Peterson explains in Eat this Book, "Reading is an immense gift,
but only if the words are assimilated, taken into the soul -- eaten,
chewed, gnawed, received in unhurried delight." Peterson
describes this ancient art of lectio divina, or spiritual reading, as
"reading that enters our souls as food enters our stomachs,
spreads through our blood, and becomes ... love and wisdom."

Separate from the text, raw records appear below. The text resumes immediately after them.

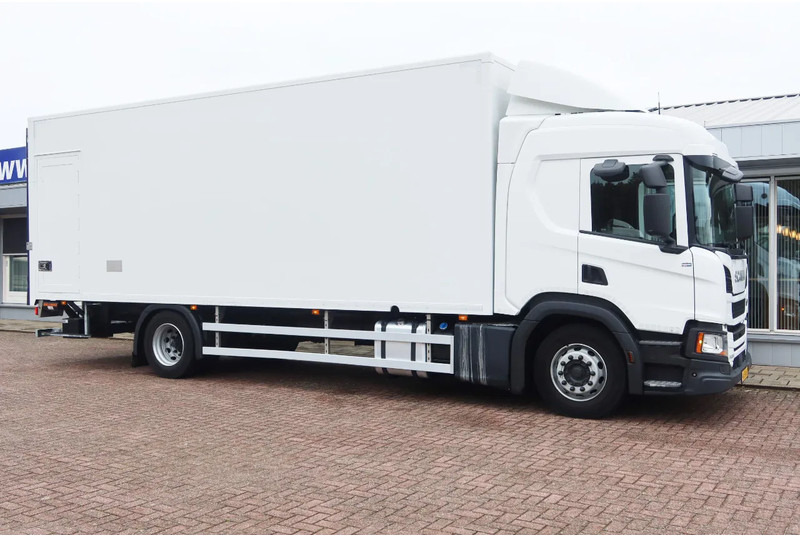 Scania P250 Bak+Dhollandia 2.000 kg 4x2 6 Cilinder - Camion fourgon: photos 3 Scania P250 Bak+Dhollandia 2.000 kg 4x2 6 Cilinder - Camion fourgon: photos 3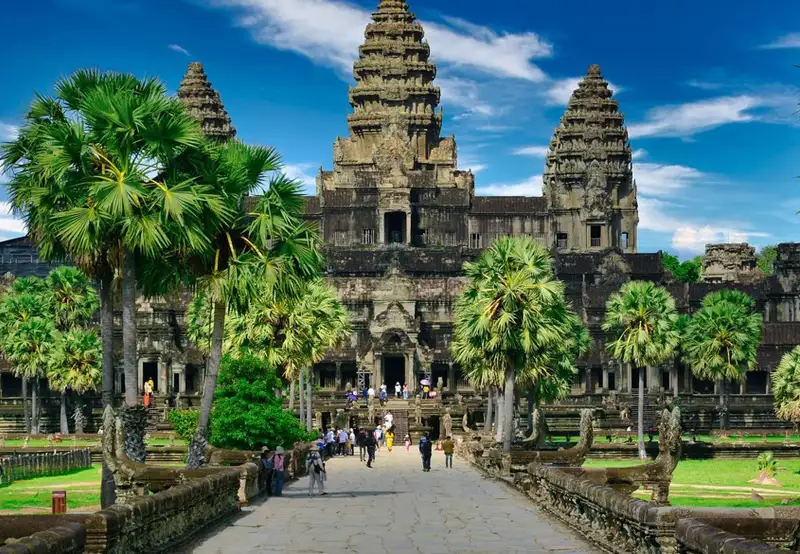 Cambodia - Angkor Wat Full Day Tour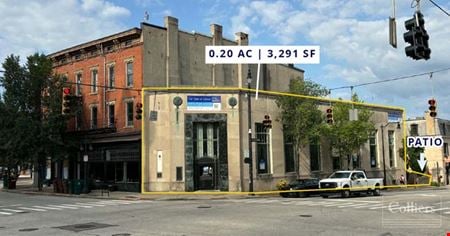 Preview of Retail space for Rent at 1535 Madison Rd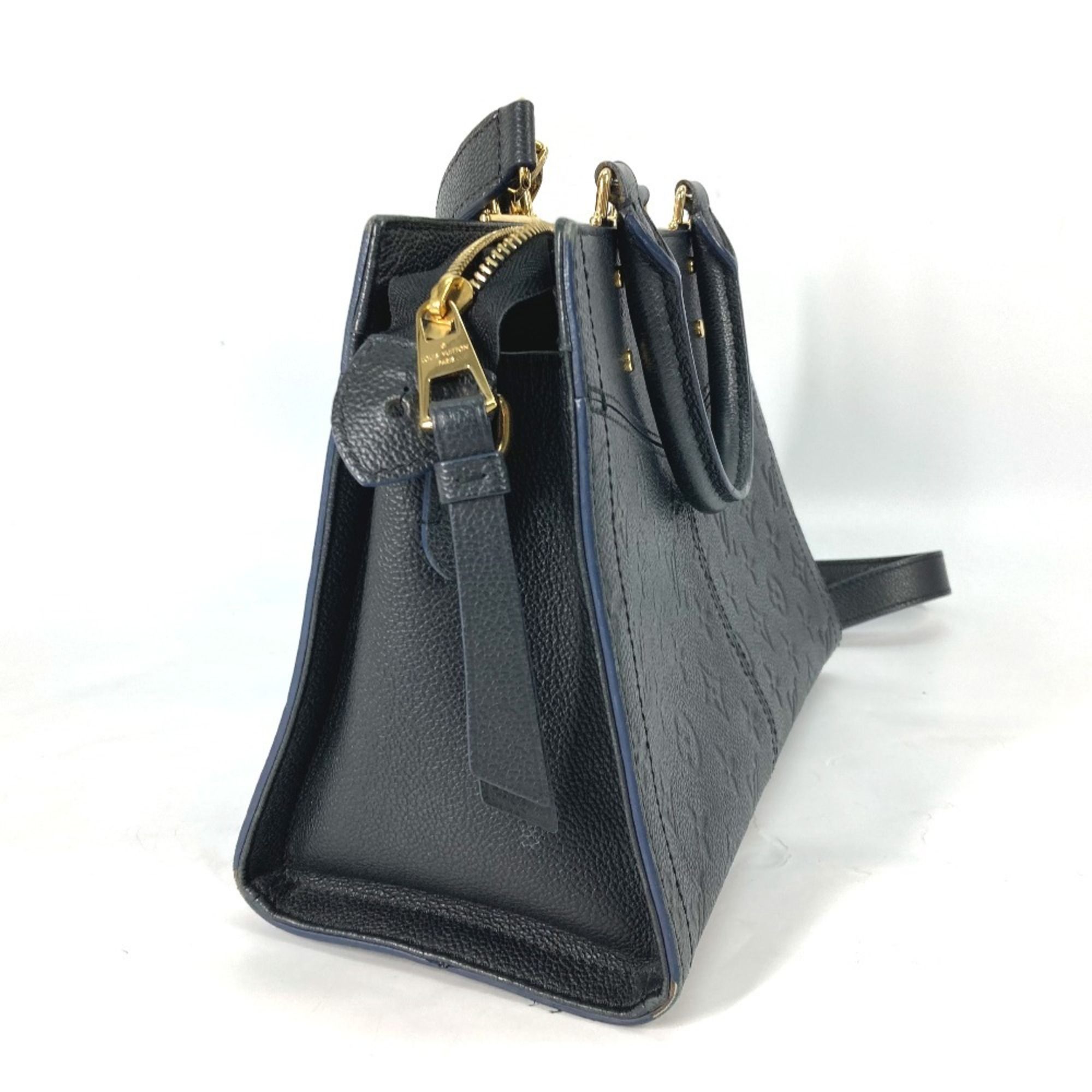Monogram Empreinte Leather Handbag Shoulder Bag (Pre-Owned) - Louis Vuitton - Modalova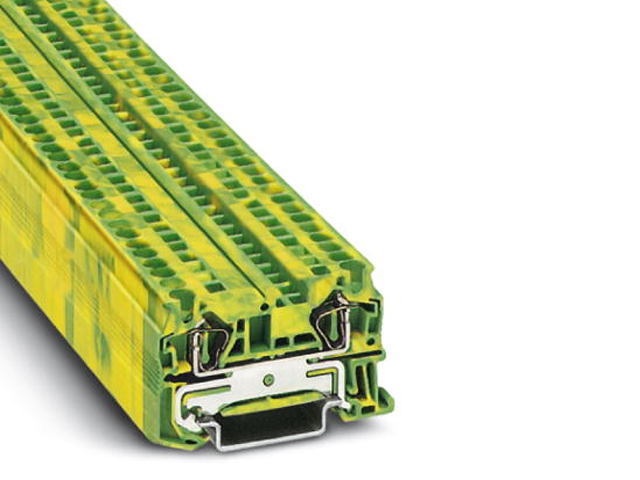 Borne Conexion St Lman 4.0mm² Tie 3031380 — Phoenix Contact — Phoenix Contact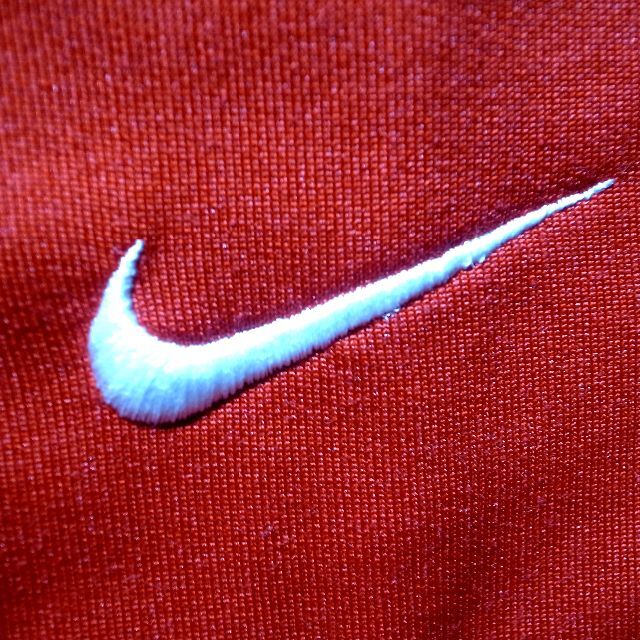 NIKE - 90s ナイキ トラックジャケット ジャージ ジャケット 赤 NIKE - 90s ナイキ トラックジャケット ジャージ ジャケット 赤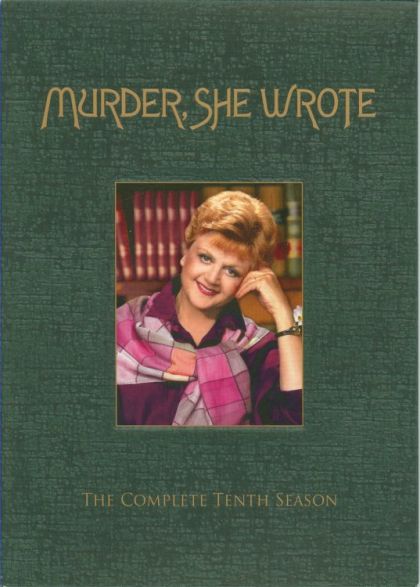 Murder, She Wrote: Season 10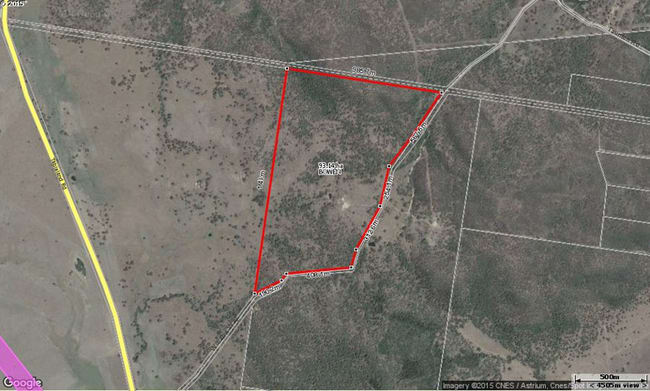 Lot 488 Williams Way Taunton QLD 4674 Lot 488 Williams Way Taunton QLD 4674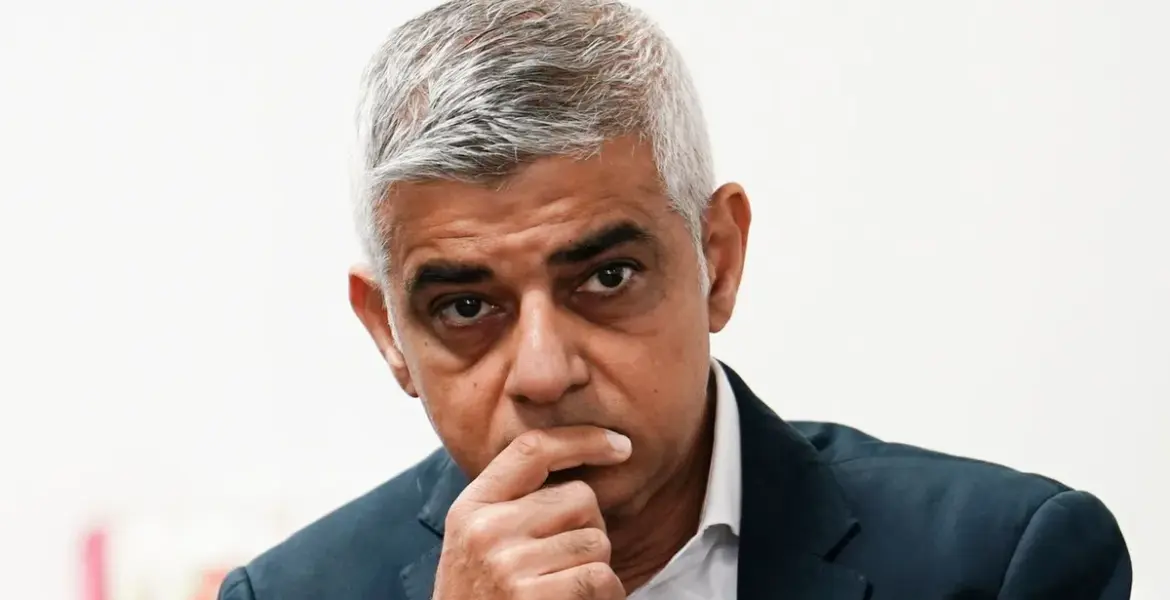 sadiq khan — GB news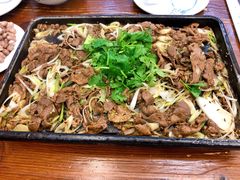 -清真永恒华威肉饼(潘家园店)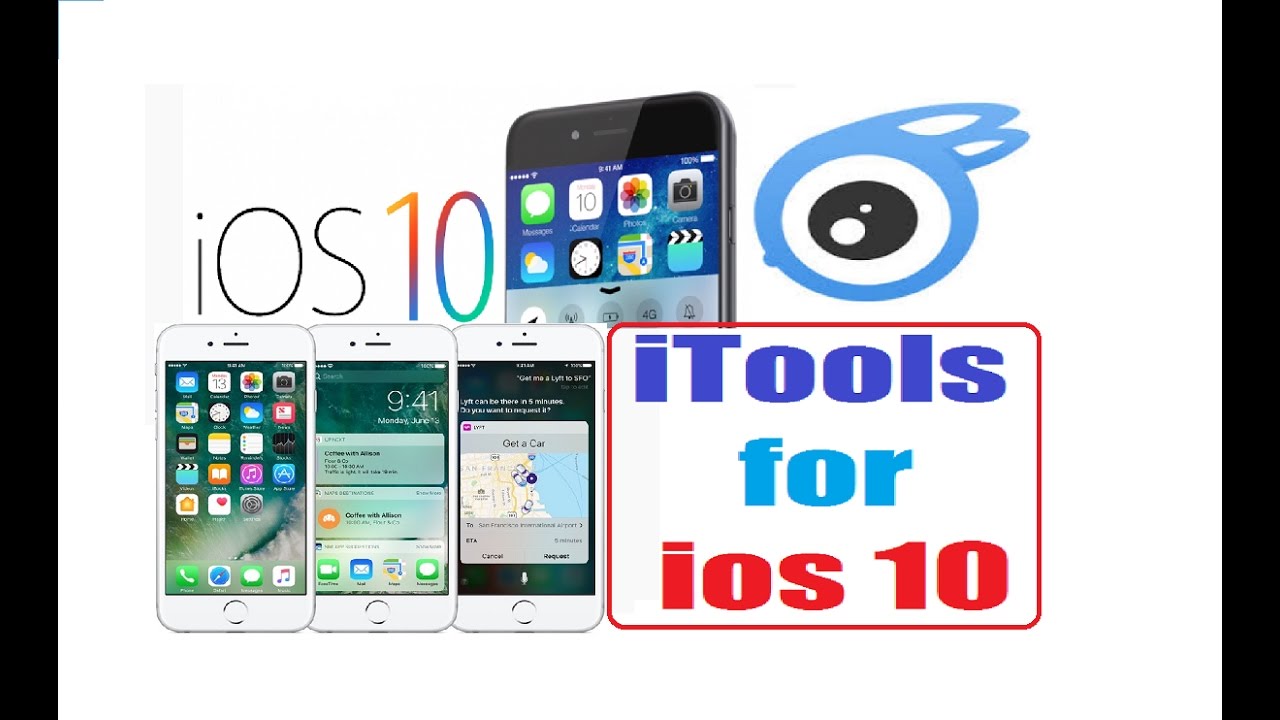 download itools for iphone 7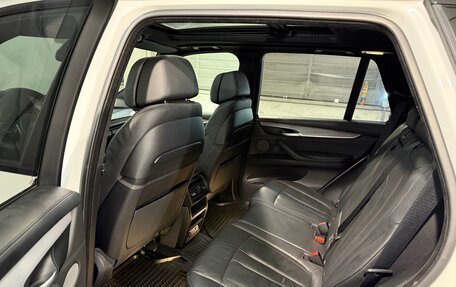 BMW X5, 2016 год, 3 599 800 рублей, 6 фотография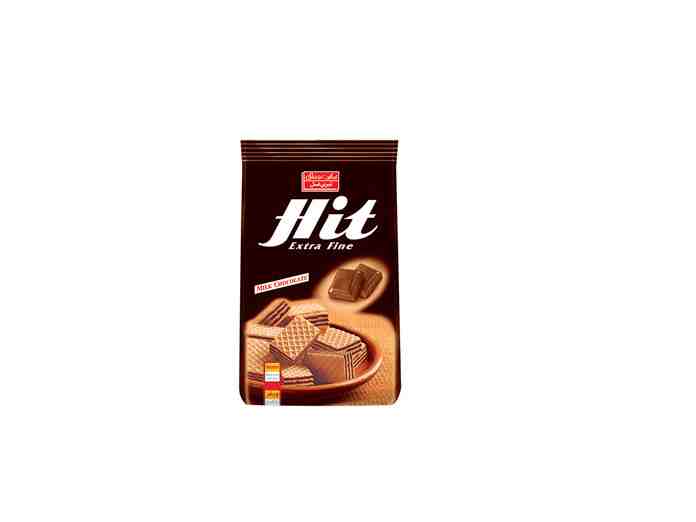 ش-ويفر هيت با كرم شكلات12بسته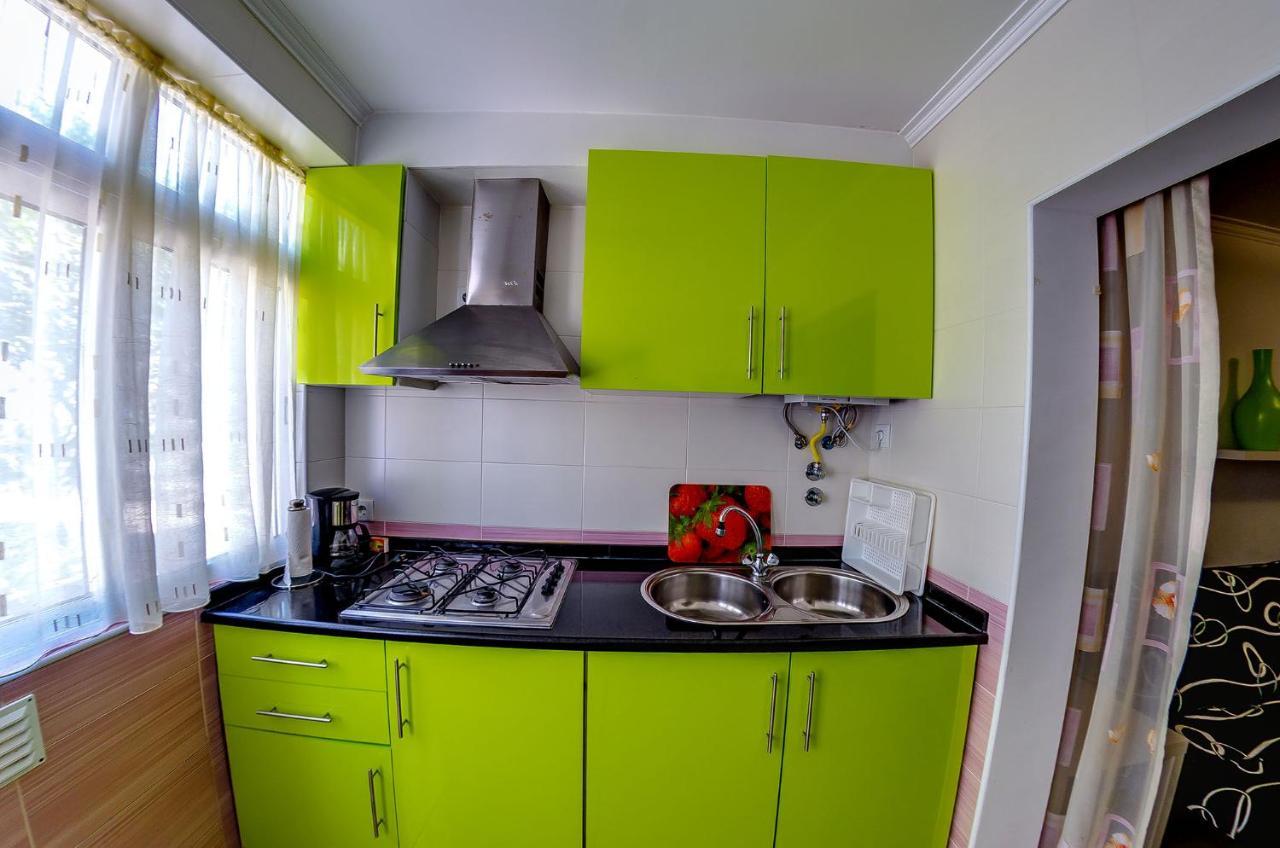Apartamentos 7 Saias - Centro ナザレ エクステリア 写真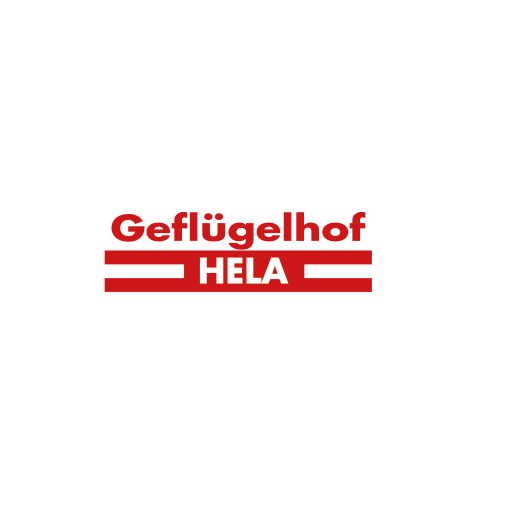 Geflügelhof Hela Logo
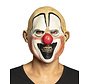 Latex masker Creepy Clown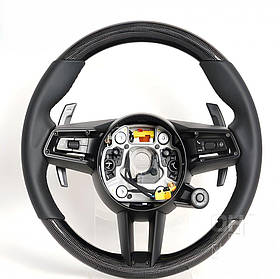 Кермо 992-Style (2006-2010, Карбон) для Porsche Cayenne рр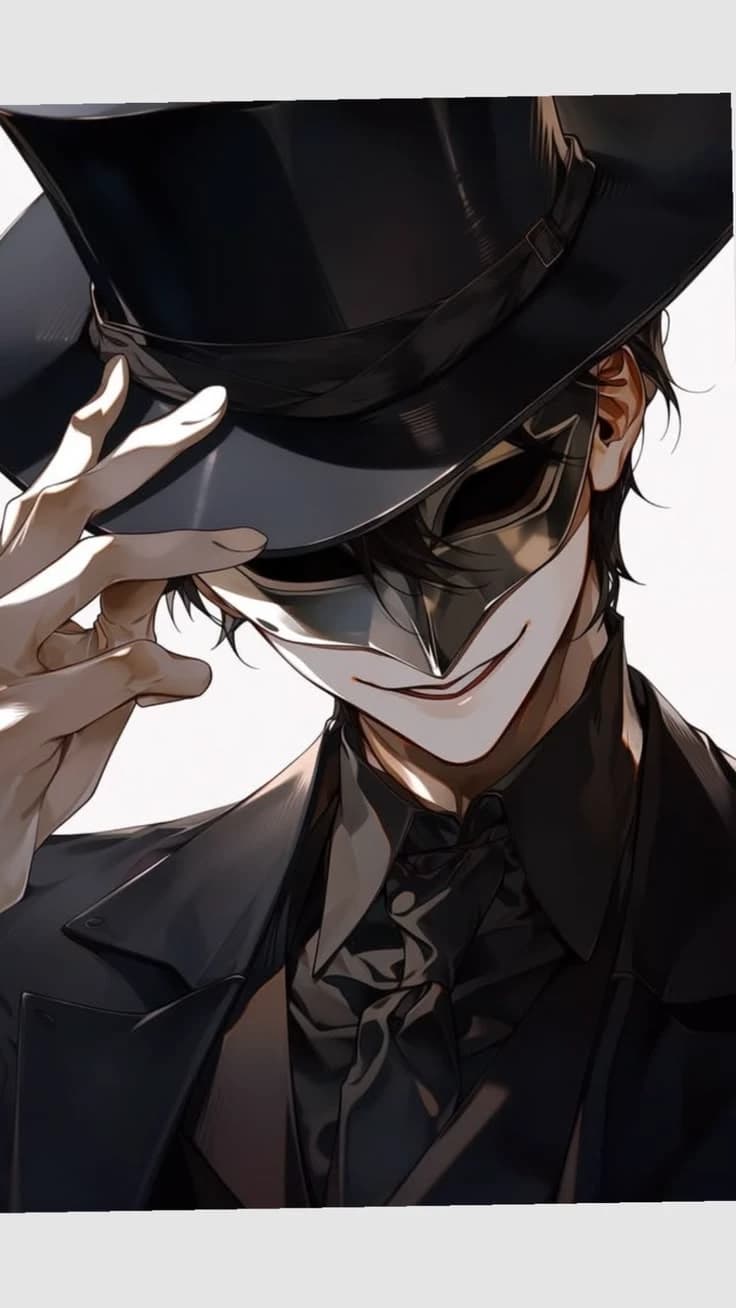 Noctis Blackwing | The Owner of the Circus of Forbidden Wonders thumbnail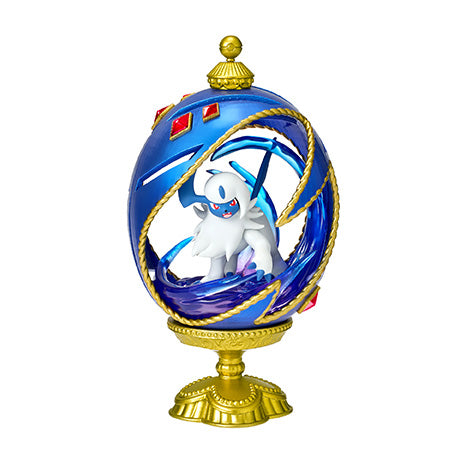 Pokémon - OVALTIQUE COLLECTION2 - Luminous - Re-ment - Blind Box
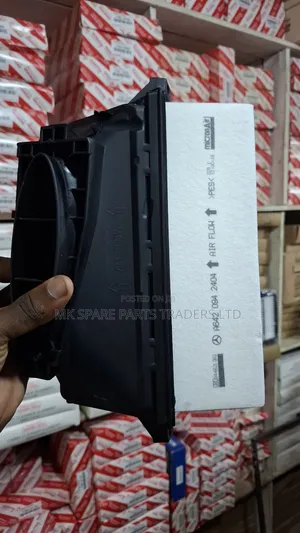 Mercedes Benz Air Filters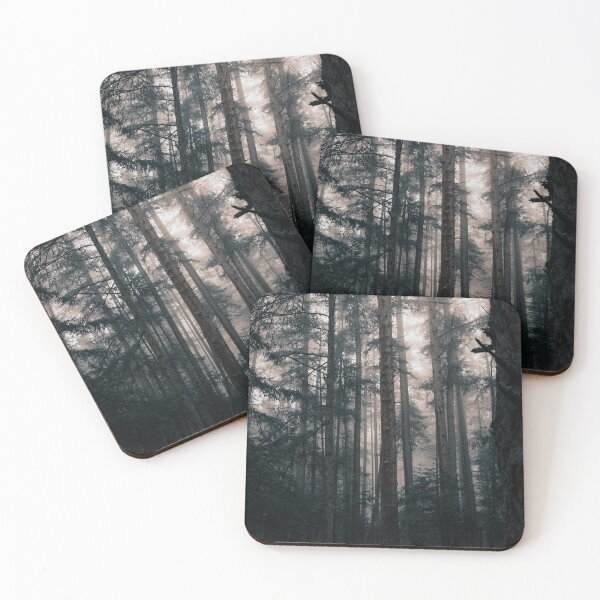 Item preview, Ethereal Forest designed and sold by worktheangle.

More than the books themselves, it is the skills and the desire to
read in this way which comprise the essential gift we must give our
students and ourselves. But this won't happen by way of nature or by
accident.
Maryanne Wolf,
director of the Center for Reading and Language Research and author
of Proust and the Squid: The Story and Science of the Reading Brain,
has studied "deep reading" in the context of the science of
the brain. She describes the fragility of the brain's ability to read
with the kind of sustained attention that allows literature to wield
its shaping power over us:
The act of going
beyond the text to analyze, infer and think new thoughts is the
product of years of formation. It takes time, both in milliseconds
and years, and effort to learn to read with deep, expanding
comprehension and to execute all these processes as an adult expert
reader. ... Because we literally and physiologically can read in
multiple ways, how we read--and what we absorb from our reading --
will be influenced by both the content of our reading and the medium
we use.
The power of
"spiritual reading" is its ability to transcend the
immediacy of the material, the moment, or even the moral choice at
hand. This isn't the sort of phenomenon that lends itself to the
quantifiable data Currie seeks, although Paul demonstrates is
possible, to measure. Even so, such reading doesn't make us better so
much as it makes us human.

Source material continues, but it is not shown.